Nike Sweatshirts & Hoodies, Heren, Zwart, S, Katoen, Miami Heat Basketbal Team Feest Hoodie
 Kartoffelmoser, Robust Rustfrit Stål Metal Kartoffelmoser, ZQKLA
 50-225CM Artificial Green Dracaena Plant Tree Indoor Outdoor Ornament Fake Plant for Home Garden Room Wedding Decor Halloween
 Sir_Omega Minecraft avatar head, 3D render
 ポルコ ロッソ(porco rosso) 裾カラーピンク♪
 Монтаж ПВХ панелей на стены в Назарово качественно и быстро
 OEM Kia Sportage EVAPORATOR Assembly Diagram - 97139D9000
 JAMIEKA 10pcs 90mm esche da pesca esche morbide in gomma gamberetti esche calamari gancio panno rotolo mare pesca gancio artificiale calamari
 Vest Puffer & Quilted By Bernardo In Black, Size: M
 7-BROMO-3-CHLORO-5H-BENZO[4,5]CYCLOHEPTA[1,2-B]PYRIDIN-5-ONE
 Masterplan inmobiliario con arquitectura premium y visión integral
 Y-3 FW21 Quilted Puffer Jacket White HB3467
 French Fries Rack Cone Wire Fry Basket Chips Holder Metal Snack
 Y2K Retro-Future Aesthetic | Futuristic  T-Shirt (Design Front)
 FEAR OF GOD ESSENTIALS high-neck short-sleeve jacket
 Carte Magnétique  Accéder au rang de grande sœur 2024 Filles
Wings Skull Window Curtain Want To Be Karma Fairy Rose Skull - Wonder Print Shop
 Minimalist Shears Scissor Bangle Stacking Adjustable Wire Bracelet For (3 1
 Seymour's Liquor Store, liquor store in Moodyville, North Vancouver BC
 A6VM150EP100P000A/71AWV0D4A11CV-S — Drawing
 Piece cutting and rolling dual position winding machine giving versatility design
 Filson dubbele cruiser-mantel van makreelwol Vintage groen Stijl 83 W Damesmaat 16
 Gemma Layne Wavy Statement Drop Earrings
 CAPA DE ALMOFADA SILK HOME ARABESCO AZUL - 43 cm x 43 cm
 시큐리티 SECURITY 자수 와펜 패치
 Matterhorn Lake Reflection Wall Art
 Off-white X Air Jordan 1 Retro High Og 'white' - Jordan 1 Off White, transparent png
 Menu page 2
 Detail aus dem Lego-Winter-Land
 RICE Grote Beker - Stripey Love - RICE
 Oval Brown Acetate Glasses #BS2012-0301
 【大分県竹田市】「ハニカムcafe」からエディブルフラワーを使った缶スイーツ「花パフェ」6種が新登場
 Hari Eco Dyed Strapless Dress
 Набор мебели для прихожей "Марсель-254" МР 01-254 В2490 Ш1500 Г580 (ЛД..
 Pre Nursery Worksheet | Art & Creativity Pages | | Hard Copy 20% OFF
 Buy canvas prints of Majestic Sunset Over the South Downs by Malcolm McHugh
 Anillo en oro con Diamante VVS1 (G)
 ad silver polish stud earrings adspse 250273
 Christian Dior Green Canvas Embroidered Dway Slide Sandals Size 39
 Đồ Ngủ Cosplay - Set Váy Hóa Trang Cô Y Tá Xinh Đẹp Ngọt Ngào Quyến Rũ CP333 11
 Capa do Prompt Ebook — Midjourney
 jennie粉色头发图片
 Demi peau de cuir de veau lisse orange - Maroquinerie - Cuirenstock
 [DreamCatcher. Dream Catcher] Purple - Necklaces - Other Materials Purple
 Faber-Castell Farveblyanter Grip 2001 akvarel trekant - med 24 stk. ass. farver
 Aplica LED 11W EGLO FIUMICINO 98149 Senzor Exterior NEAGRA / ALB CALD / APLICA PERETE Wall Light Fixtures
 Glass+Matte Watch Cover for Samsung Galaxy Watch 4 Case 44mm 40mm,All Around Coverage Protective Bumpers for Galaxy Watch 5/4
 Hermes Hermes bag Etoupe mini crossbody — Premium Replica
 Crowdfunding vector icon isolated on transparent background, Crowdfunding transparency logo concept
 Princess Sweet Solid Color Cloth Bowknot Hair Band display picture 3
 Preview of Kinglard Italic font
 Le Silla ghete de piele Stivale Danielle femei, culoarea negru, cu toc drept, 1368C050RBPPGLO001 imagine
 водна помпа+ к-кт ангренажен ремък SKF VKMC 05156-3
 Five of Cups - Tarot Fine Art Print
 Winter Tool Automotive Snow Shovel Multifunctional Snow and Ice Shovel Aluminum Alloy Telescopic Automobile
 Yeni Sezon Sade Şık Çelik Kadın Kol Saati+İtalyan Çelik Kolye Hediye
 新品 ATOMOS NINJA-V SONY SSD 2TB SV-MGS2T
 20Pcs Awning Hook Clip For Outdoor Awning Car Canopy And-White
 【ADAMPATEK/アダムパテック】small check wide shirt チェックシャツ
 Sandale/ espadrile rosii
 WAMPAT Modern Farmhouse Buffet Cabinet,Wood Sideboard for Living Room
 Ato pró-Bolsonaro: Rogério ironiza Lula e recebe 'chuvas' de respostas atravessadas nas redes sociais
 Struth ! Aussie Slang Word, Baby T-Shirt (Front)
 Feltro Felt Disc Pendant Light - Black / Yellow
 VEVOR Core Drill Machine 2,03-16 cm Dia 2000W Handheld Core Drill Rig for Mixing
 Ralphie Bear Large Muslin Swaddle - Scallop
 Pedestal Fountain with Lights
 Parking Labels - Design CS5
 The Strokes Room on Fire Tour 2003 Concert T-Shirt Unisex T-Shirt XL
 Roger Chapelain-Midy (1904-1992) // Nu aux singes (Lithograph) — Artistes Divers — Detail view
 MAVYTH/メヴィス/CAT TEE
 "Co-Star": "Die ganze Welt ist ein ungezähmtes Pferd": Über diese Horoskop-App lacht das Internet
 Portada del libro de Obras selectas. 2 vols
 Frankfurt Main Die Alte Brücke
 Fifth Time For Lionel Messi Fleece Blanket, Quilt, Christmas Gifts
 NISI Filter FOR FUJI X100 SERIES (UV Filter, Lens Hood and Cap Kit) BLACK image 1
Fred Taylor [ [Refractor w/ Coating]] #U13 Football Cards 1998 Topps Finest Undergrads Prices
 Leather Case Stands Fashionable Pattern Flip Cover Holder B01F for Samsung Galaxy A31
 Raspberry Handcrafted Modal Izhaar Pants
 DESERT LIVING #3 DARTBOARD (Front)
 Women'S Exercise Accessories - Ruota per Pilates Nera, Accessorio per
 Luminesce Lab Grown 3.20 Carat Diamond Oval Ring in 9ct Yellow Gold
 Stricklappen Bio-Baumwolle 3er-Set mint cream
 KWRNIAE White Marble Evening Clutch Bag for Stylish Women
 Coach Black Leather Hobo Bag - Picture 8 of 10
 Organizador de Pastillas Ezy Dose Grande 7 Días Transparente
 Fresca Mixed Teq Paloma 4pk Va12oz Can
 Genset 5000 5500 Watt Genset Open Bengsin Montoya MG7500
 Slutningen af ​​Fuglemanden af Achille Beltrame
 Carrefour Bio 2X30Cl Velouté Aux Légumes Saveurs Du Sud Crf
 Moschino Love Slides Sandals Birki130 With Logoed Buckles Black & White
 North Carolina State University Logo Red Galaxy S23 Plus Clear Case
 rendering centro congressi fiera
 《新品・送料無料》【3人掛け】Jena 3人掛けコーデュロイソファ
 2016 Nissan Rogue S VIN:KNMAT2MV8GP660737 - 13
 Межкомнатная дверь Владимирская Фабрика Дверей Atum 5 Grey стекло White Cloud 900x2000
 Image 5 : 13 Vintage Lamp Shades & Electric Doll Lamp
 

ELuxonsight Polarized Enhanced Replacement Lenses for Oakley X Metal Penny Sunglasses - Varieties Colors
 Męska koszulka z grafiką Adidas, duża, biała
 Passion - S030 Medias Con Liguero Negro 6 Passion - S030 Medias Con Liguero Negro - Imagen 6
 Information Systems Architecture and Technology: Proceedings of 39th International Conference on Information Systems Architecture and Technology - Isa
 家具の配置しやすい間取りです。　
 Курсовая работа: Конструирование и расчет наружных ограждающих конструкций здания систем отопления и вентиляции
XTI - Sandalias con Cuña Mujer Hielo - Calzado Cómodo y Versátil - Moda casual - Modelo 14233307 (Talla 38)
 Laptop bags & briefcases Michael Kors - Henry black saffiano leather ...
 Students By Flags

▶ WHAT IS EXPECTED
Copy out the listing above, line by line and exactly, from its first line to the line holding "Монтаж ПВХ панелей", inclusive.

▶ SOLUTION FOR THIS EXERCISE
Nike Sweatshirts & Hoodies, Heren, Zwart, S, Katoen, Miami Heat Basketbal Team Feest Hoodie
 Kartoffelmoser, Robust Rustfrit Stål Metal Kartoffelmoser, ZQKLA
 50-225CM Artificial Green Dracaena Plant Tree Indoor Outdoor Ornament Fake Plant for Home Garden Room Wedding Decor Halloween
 Sir_Omega Minecraft avatar head, 3D render
 ポルコ ロッソ(porco rosso) 裾カラーピンク♪
 Монтаж ПВХ панелей на стены в Назарово качественно и быстро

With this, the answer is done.